The Sharing Economy
One of Clinton Bonner's biggest priorities is helping the market understand what is achievable through crowdsourcing. Topcoder is a community of designers, developers, and data scientists who specialize in design and technology. This community develops enterprise-level work for some of the biggest companies in the world.
As such, Clinton's job is to serve two masters: the community of designers and developers as well as the clients signing up to tap this community. In order to reach both of these audiences, he describes a system with a Phil Jackson approach.
Each team member may be focused on a role or different personas, but with a bridge between them, ensuring that everyone is aware of the content being produced by other parts of the team. This makes it far easier to re-purpose content for the other side of the aisle, with something like 75 to 80 per cent of content able to be used as such.
Through working in such a collaboration-heavy environment, Clinton has great wisdom relating to creative teamwork, nurturing communities through listening and asking questions, and creatively stretching your content to serve many masters.
In This Episode:
- How to serve two audiences at once
- Identifying and nurturing your "innovation rockstars"
- How to use your content as "growth indicators"

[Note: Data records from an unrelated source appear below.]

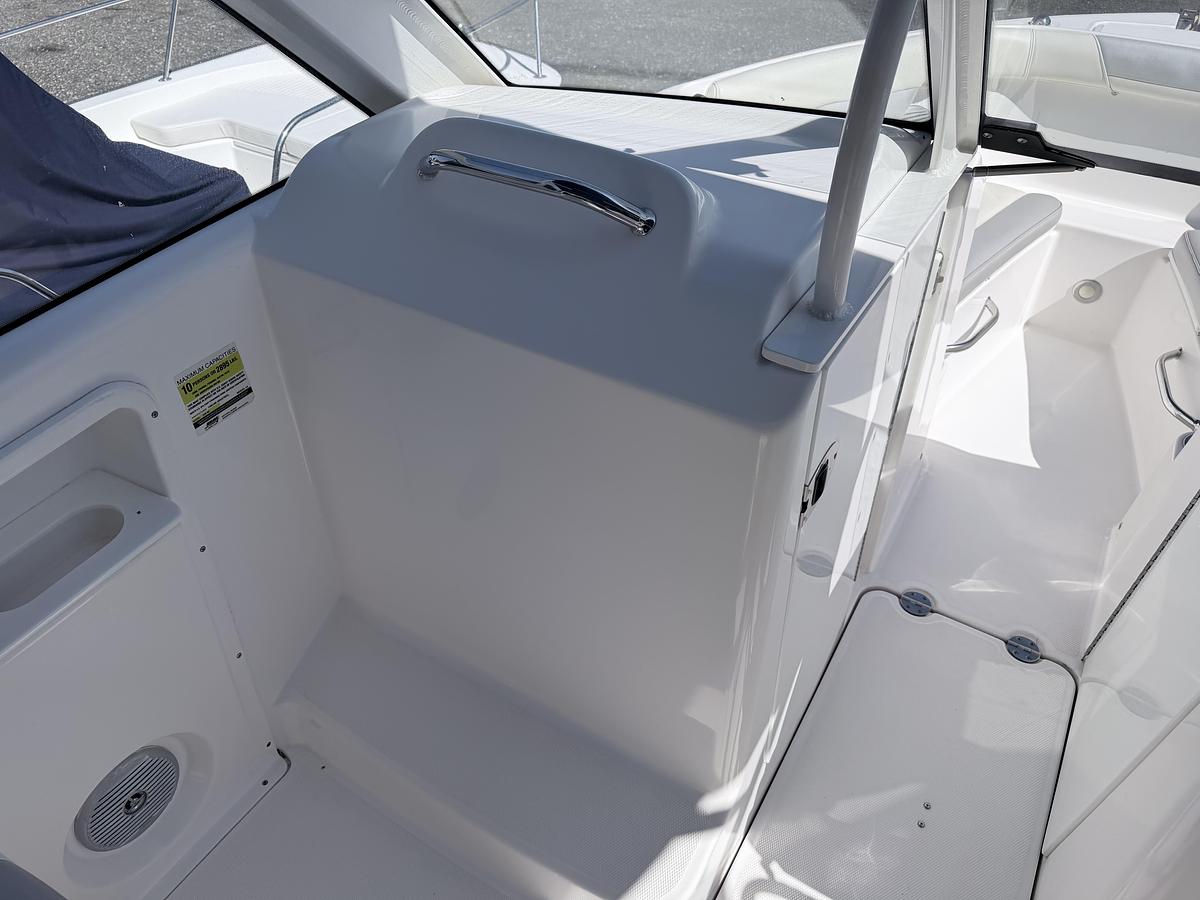 Used 2014 Everglades 230DC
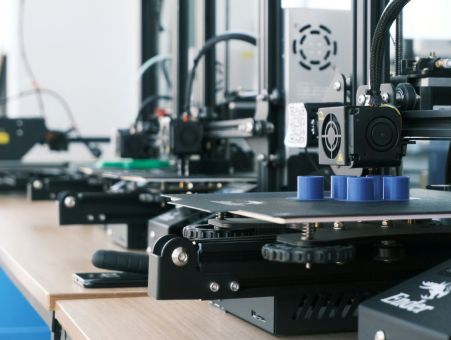 Waarom kunststof onderdelen steeds intelligenter worden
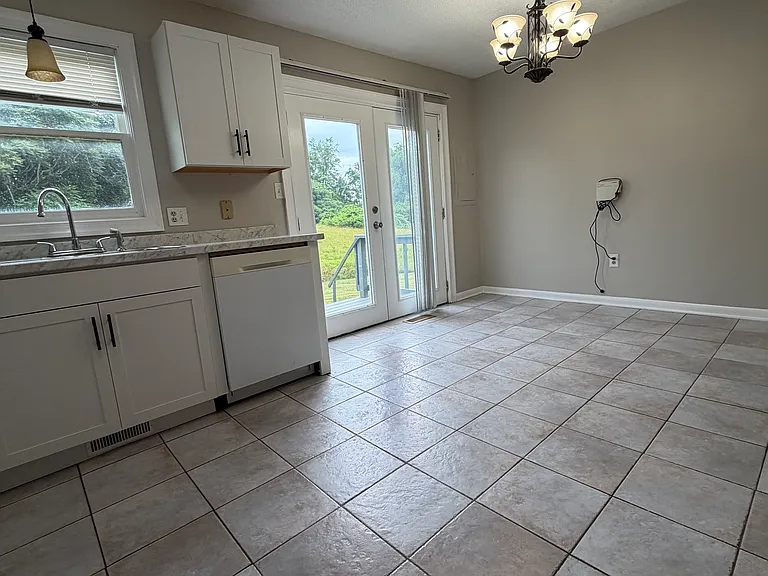 230 Oakcrest Cir #230 — Photo 12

- Why FAQs can be your most effective piece of content
- Streamlining the content creation process
- The value of transparency and the tactics to achieve it
- Why listening skills are crucial to effective communication with your audience
- How to effectively build and nurture a community
Quotes From This Episode
"I don't think that reaching your audience effectively is anything revolutionary. I think it's just listening, making decisions as quickly as you can, and then showcasing the change. And then making sure that people understand, 'It was your suggestions that brought us here, so please go use this tool.'" --@clintonbon
"When you're trying to permeate your content and your messaging into these large organizations, there are tracks already built. So how can we hitch our car to their tracks? The most effective way to do that is to find the engineer. I don't mean the CEO, but typically there's somebody that owns or wants to own or be known for being the innovation rockstar. Someone who it behooves them to get around ideas like crowdsourcing and being the champion inside their organization. Making really fast friends with those people, identifying who they and who they are not, and also who they're connected to; how much can they help? Because it's really mutually beneficial." --@clintonbon
"Topcoder was always community first. If we have a happy community, if we have an engaged community, if we're providing our community with really good cutting edge work and cutting edge technologies then we're going to grow rapidly. That means that really cool work is there and the coders and designers really want to get around really cool work." --@clintonbon
"A lot of people put up their FAQs but I don't think they think through the permutations of them and the logic behind them and making them as robust as possible, making them as easy to consume as possible. When you're on a self-service side, you really have to put an emphasis on that kind of content. The nice part about FAQs is the questions they're asking identify what stage they're in. Cherish them, do them right. They provide so much bang for their buck. They're not that hard, just listen to what people are asking." --@clintonbon
Resources
What did you want to be when you grew up?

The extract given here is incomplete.